I realized I messed up the "day x at Bluesfest" stuff, starting last Wednesday. Oops.
The Trachtenburg Family Slide-show Players: Cancelled. The cancellation is unexplained and maddening. It was to be the highlight of the day, and things looked pretty bleak without them.
Chris Brown and Kate Fenner: Suitably laid-back light pop. I had a very pleasant nap in the La-Z-Boy Lounge.
Dinner: At Carmellos on Cooper. Very good - linguini in olive-oil and garlic, with tomato concasse, sundried tomatoes, artichoke and grilled chicken.
Blue Rodeo: Like a middle-aged and blues-inflected Jim Bryson and the Occasionals, with a two-week dose of boring pills.
The Dirtbombs: rhythm-and-blues vocals atop heaving garage guitars. I wanted to like them but didn't have enough in me to withstand the rock'n'roll assault. Stayed for a few songs, then shakily made my way to the bus. (I made sure, of course, to give my pass to one of the sad souls clinging to the fence while the Dirtbombs made their noise.)
The big surprise of the day was Peter Green. I'm not exactly up on my blues lore, but I knew of Green's eminent history. ("Green is God" was spraypainted on walls in England, until Clapton came along and usurped the blues-guitar throne.) I, however, hate the blues, remember - and the last thing I expected to enjoy was the work of this famed electric guitar-player. It was strange, then, to find myself enraptured by the man's performance. His instrument sang things I didn't expect, soaring in precise, acheing ways. It was far from the loose-and-lazy guitar solos I'm used to hearing from blues-rockers. The band - "Peter Green's Splinter Group" - was a worthy accompaniment, spreading a patterned background of sounds, and demonstrating genuine originality in the swell and fade of the tunes. Green's voice is a flat, accented murmur - but it's fascinating, and a dignified alternative to the overly melismatic bluesmen I heard earlier in the week. Things only collapsed on the closing number, a "classic blues tune," and when the typical 12-bar form was resurrected, so was my boredom.

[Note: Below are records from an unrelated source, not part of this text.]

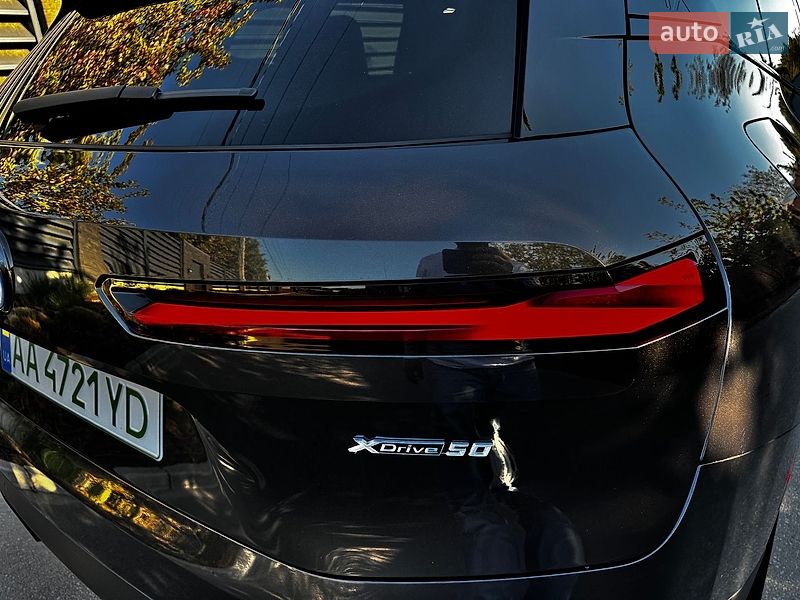Позашляховик / Кросовер BMW iX 2023 в Києві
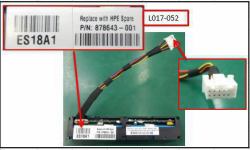 HPE Storage Battery 7.2V 1.5Ah
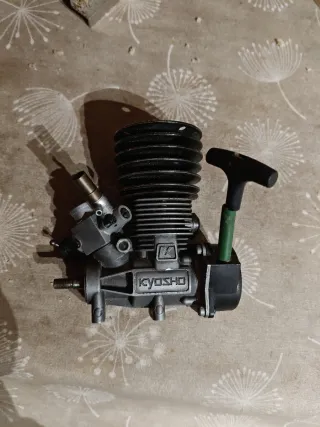Motor Kyosho GX-21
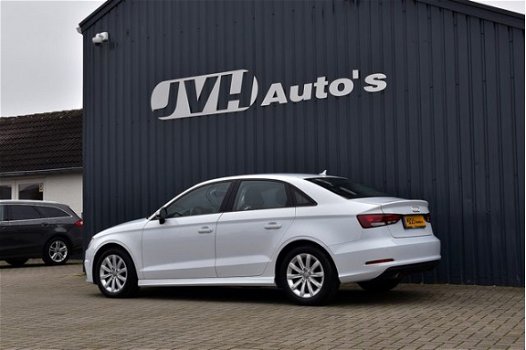 Audi A3 Limousine - 1.6 TDi 03-2015 | Leder | Navi | Sideskirts | Adapt.CC | PreSense - 1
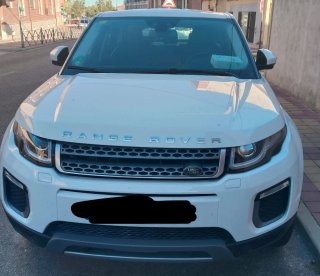 rang rover RANGEROVEREVOQUE2.0LTD4 2016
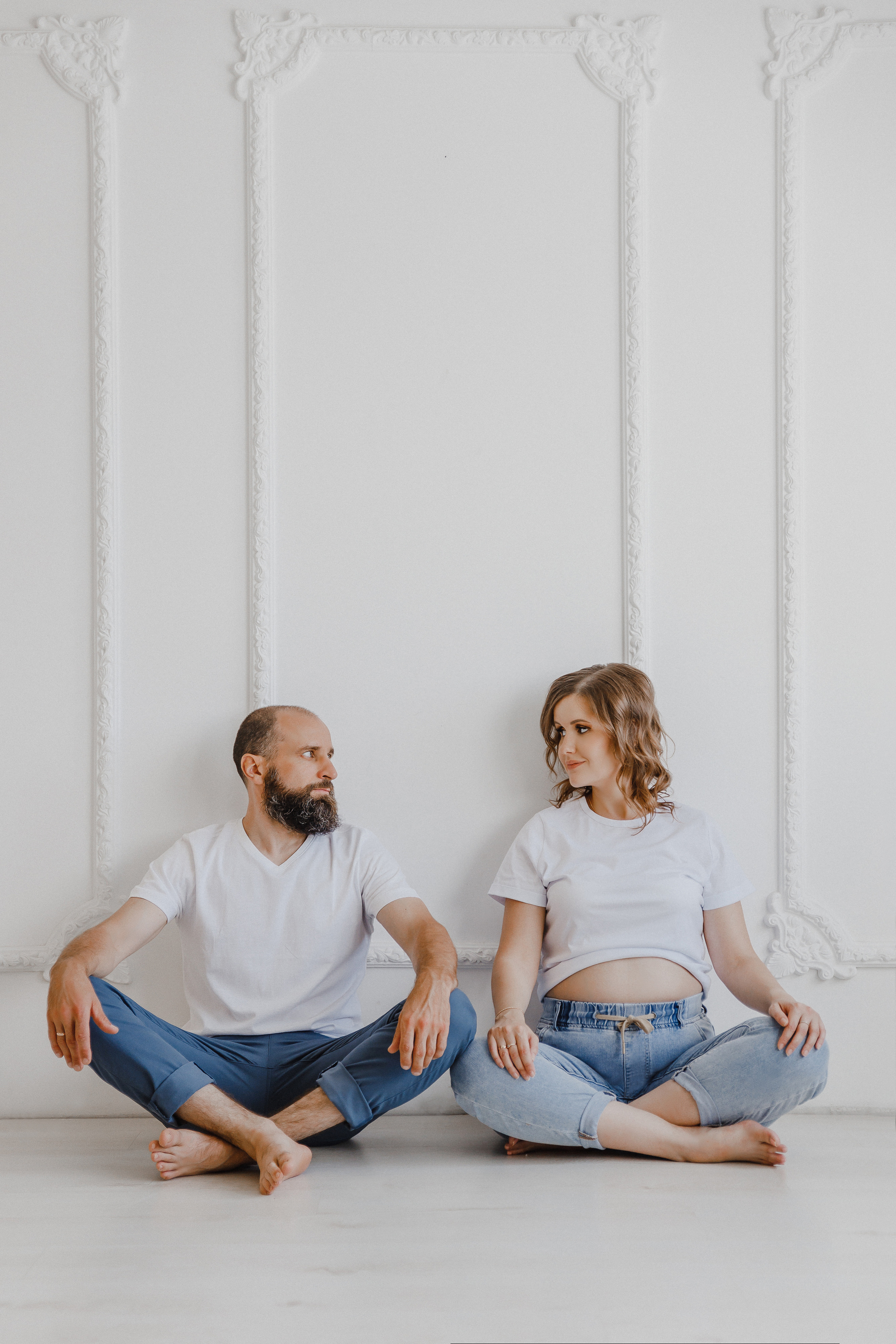 Семейные съёмки. Фотограф Марина Юдина. Подольск, Москва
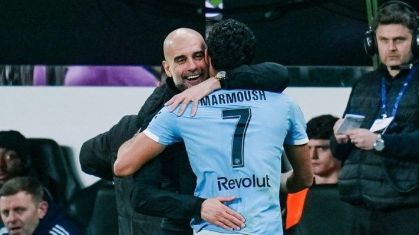Marmoush impulsiona city em vitória sobre newcastle na FA Cup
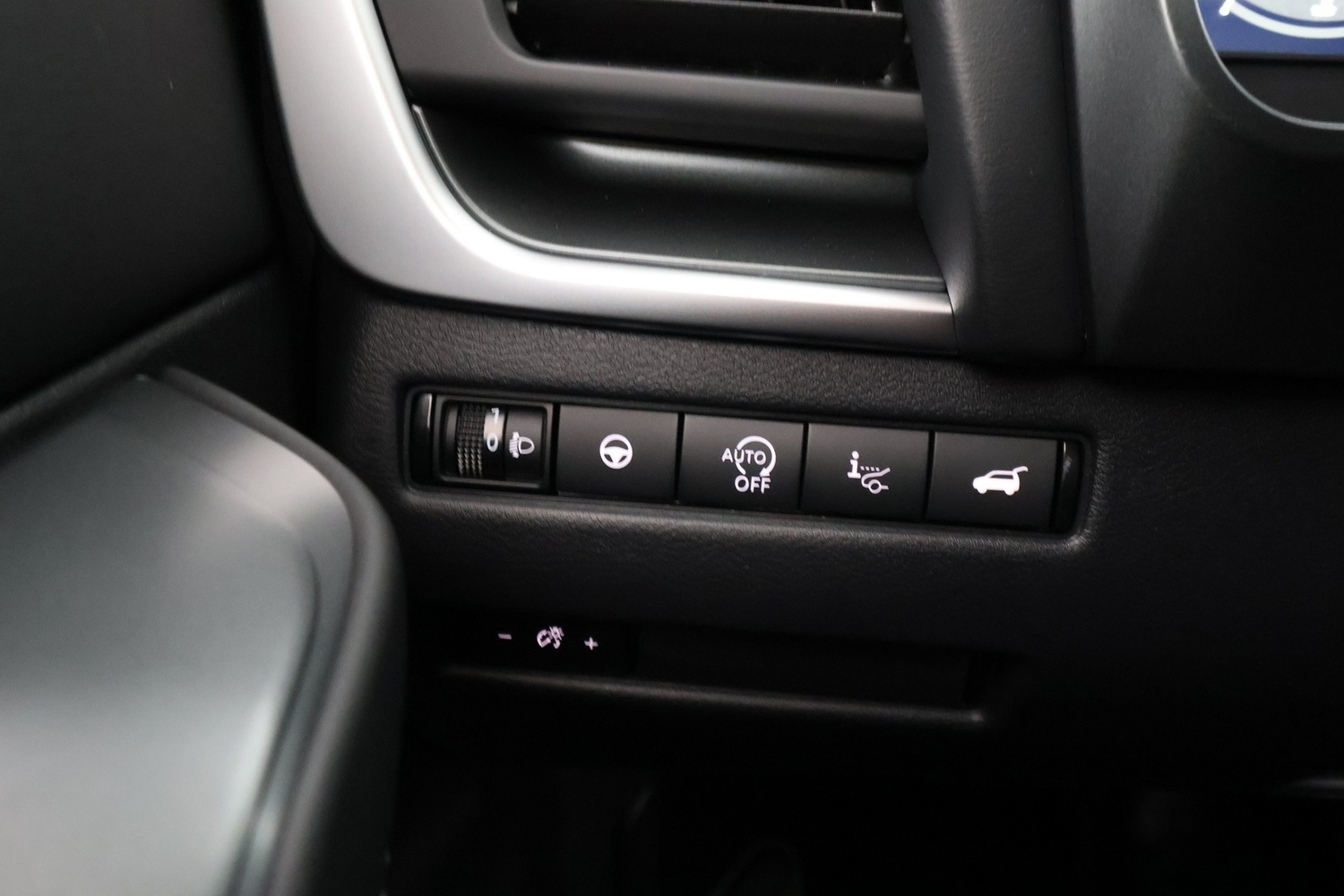 heti ajoon Nissan Qashqai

The question, now, is which blues do I like, and why?
Posted by Sean at July 14, 2003 12:16 AMlisten to Leadbelly and Mississippi John Hurt - they will change every bad cliche and stereotype you might have about the blues.
eric clapton isn't blues - he's a fucking wanker.
Posted by kevin at July 14, 2003 5:26 PMI thought Blue Rodeo put on quite a good show. They managed to make their songs sound fresh and different from the radio/CD versions, while not falling into the trap of people who do things in concert just to be different, and ruin them ("I'm going to sing the harmony instead, that'll be KEWL!!"). And that was one of the wackiest fiddle solos I've ever heard. Maybe not really the best quality, but definitely wacky.
And wacky is good.
Oh yeah and that rocked-up Johnny Cash tune was also cool.
Posted by Martin at July 14, 2003 8:22 PMAaaand you missed (or omitted) Luc Doucet, who was a lot of fun.